● **Data block**:

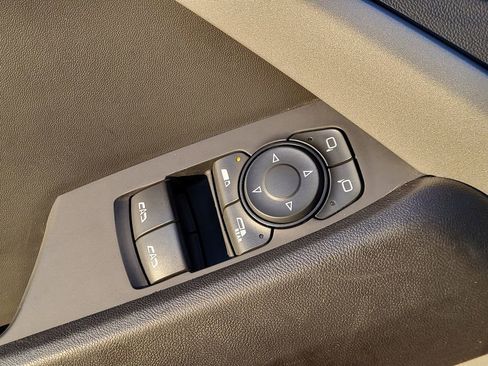 Used 2023 Chevrolet Camaro LT image 13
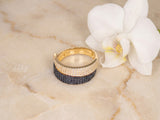 Sophisticated contrast: 18k gold ring with cz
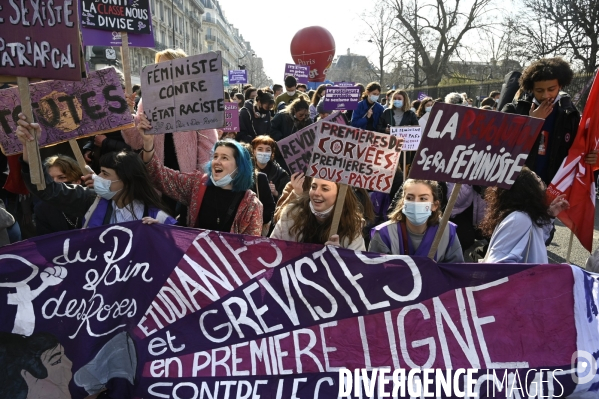 Manifestation à Paris pour les droits des femmes. la Journée internationale des droits des femmes, le 8 Mars 2021. International women sday in Paris.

● **Work item**: A word-for-word copy of the listing is the goal; keep every picture out of it.

● **Your solution**:
 Used 2023 Chevrolet Camaro LT image 13
 Sophisticated contrast: 18k gold ring with cz
 Manifestation à Paris pour les droits des femmes. la Journée internationale des droits des femmes, le 8 Mars 2021. International women sday in Paris.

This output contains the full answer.